Vor einer trostlosen Kulisse im Olympiastadion gelingt Union Berlin der endgültige Machtwechsel in der Hauptstadt. Nach dem 3:2 bei Hertha BSC sind sie Kandidat für den Sieg des DFB-Pokals. Nach dem Achtelfinale sind alle Titelträger der letzten 29 Jahre ausgeschieden.

"Ich mag gar nicht daran denken", murmelten die versprengten Hertha-Fans vor dem beinahe menschenleeren Olympiastadion. Nur 1800 von ihnen durften an diesem nasskalten Mittwoch im Januar hinein, dazu 200 Gästefans. Das große Berliner Pokal-Derby zwischen Hertha BSC und Union Berlin fand vor einer tristen Kulisse statt.

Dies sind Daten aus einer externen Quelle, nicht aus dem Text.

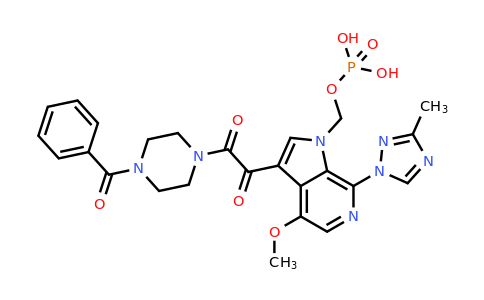 CAS 864953-29-7 | ({3-[2-(4-benzoylpiperazin-1-yl)-2-oxoacetyl]-4-methoxy-7-(3-methyl-1H-1,2,4-triazol-1-yl)-1H-pyrrolo[2,3-c]pyridin-1-yl}methoxy)phosphonic acid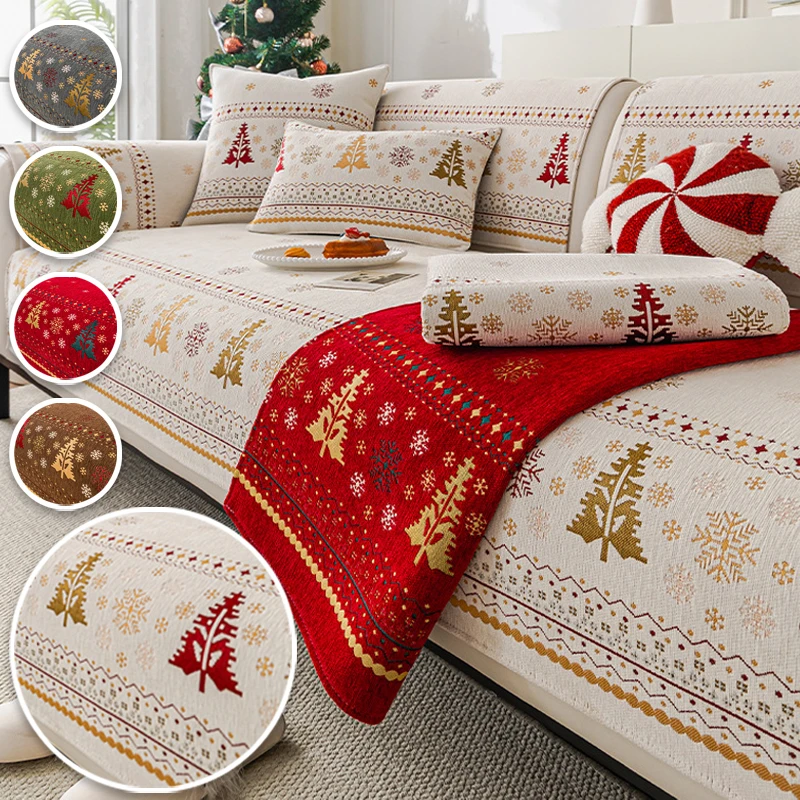 الشنيل عيد الميلاد أريكة حصيرة غطاء شجرة عيد الميلاد الغزلان نمط غطاء أريكة المضادة للانزلاق مغطاة بالكامل أريكة يغطي النسيج نافيداد 2026 #1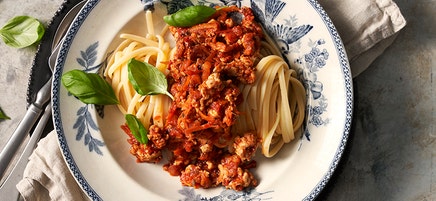Kycklingfärssås med pasta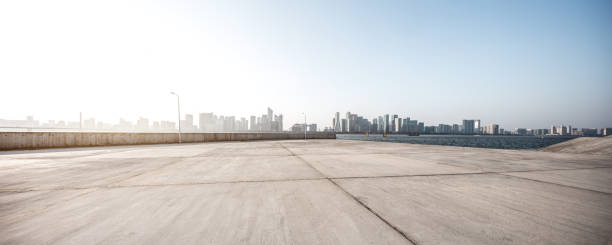 istock empty marble floor with cityscape of modern city 841755642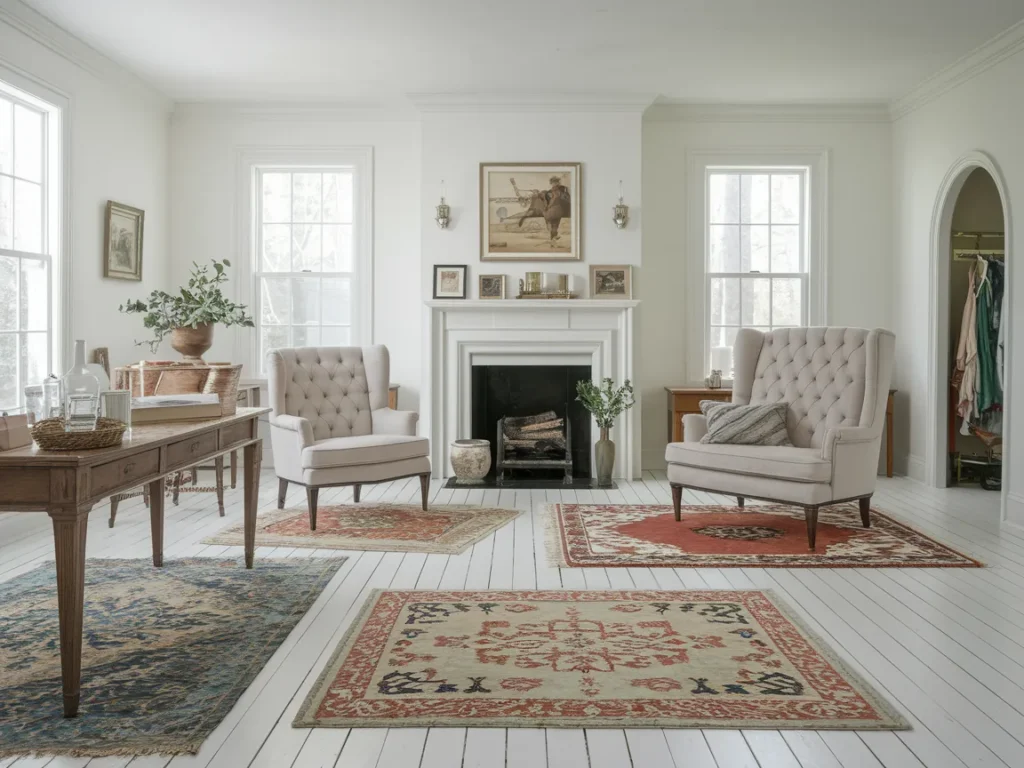 Open floor plan shabby chic living area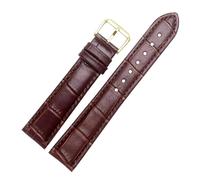 Poyuad Men's Leather Strap, 12-22mm Wide, Alligator Pattern Strap, Stylish Textured Design, Exquisite Appearance,Brown,19mm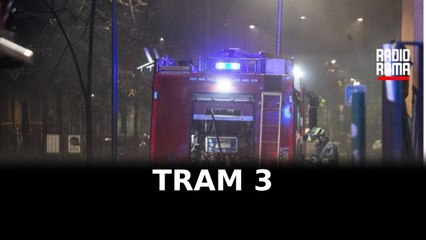Tram 3, incendio sul tetto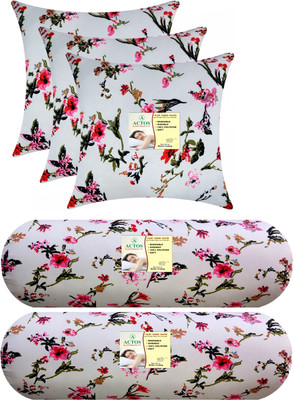ACTOS Combo Set Of 3 Cushion And 2 Microfibre Floral Bolster Pack of 5(White29)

Wie so viele Spiele zuvor und wie wohl noch so viele Spiele danach. Es hätte mehr, es hätte ein ausverkauftes Stadion verdient gehabt.

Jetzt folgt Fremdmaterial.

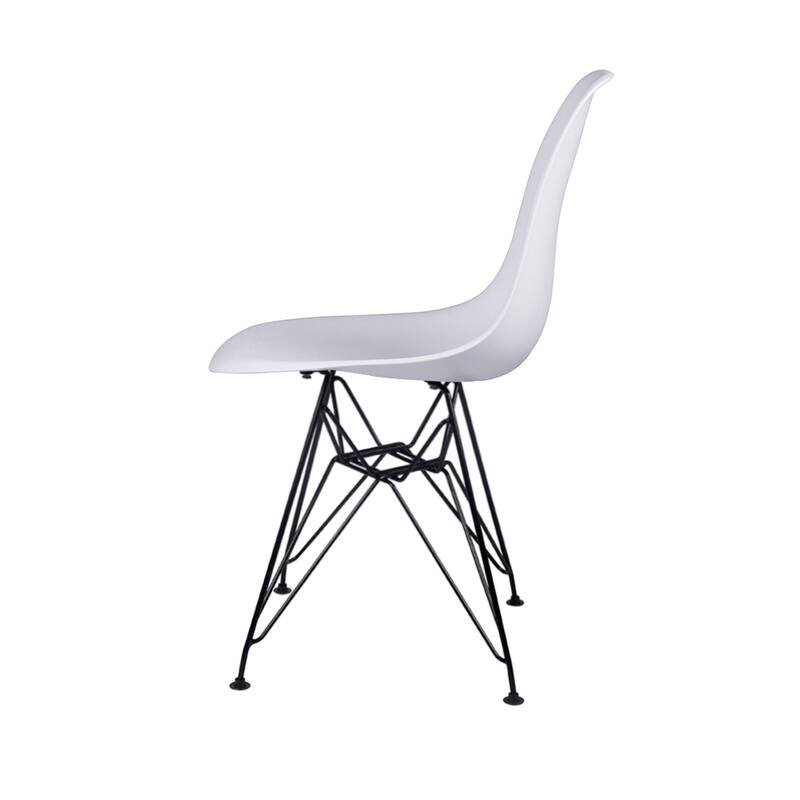 Armless Plastic Shell Side Dining Chairs with Metal Legs-Set of 2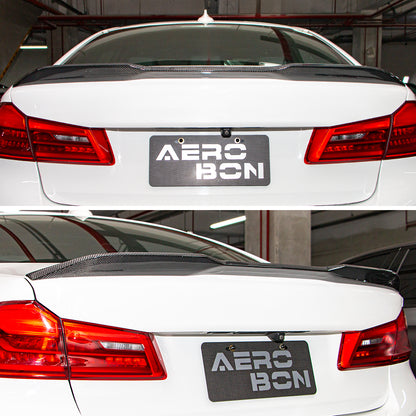 AeroBon Real Carbon Fiber Trunk Spoiler Compatible with 2017-2023 BMW 5 Series G30 Sedan F90 M5 Spoiler (CP Style) Competition Pro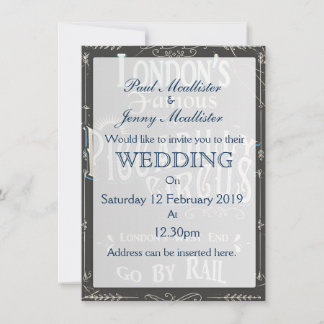 Piccadilly Circus London vintage poster Invitation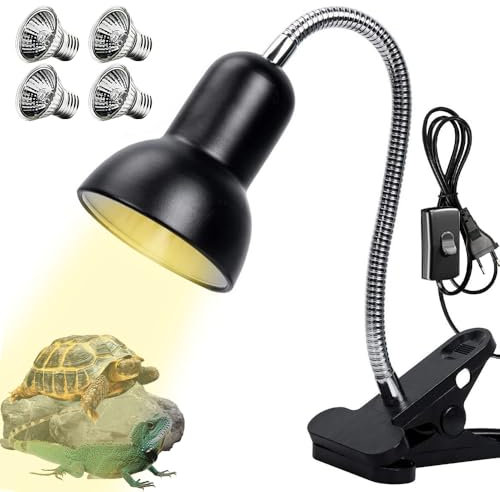WDKXCN Schildkröte Wärmelampe Terrarium, Wärmelampe Schildkröten mit 4 UVA UVB Basking Spot Glühbirnen, Reptilien Terrarium Lampe mit Clip E27, Reptilien Wärmelampe für Aquarium-Tiere,Eidechsen,Schlan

Anstatt Derby-Atmosphäre bot sich im Berliner Westend die leider viel zu bekannte Tristesse der Geisterspiele, nur aufgelockert durch ein paar versprengte Grüppchen an den Wurstbuden rund um das Stadion, nur aufgelockert durch einige umherirrende Union-Fans, die auf der Suche nach dem richtigen Eingang erbost über die Beschimpfungen der wenigen Hertha-Fans waren. "Ich suche doch nur den Eingang", sagte eine in rotweiß gekleidete Frau: "Da muss man mich doch nicht gleich bedrohen." Immerhin etwas Derby-Geplänkel.

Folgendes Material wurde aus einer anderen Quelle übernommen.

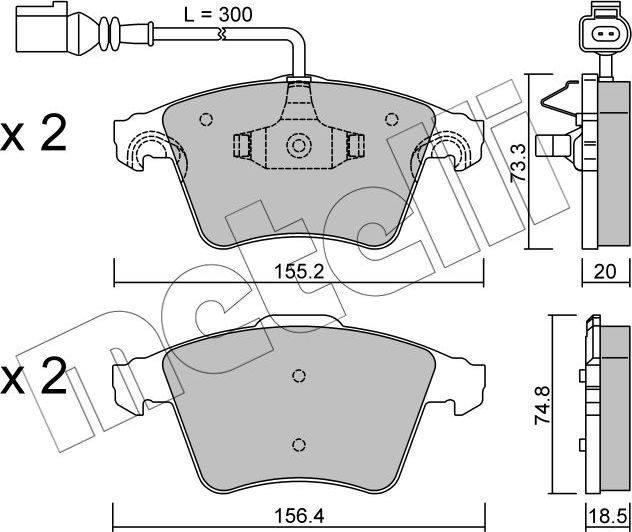 Тормозные колодки Metelli. Артикул 22-0552-2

Die Anhänger der Hertha fürchteten eine ganz andere Bedrohung, sie fürchteten die Niederlage gegen Union. Die Vertreter aus dem Osten der Stadt hegten schon vor der Partie heimliche, aber durchaus berechtigte Träume vom Einzug ins Pokalfinale. Denn nach einer bis dahin komplett irrwitzigen Achtelfinalrunde war bereits vor dem Spiel klar: Wohl noch nie waren die Chancen auf einen Pokalsieg realistischer als in dieser Spielzeit. Mit dem VfL Bochum und Leipzig standen vor dem Anpfiff nur zwei Bundesligisten im Viertelfinale. Aus der besten zweiten Liga aller Zeiten hatten sich bereits Karlsruhe, der Hamburger SV, Tabellenführer FC St. Pauli und Hannover 96 qualifiziert. Das Comeback des Nordens darf den Bundesliga-Vertretern keine Sorge machen.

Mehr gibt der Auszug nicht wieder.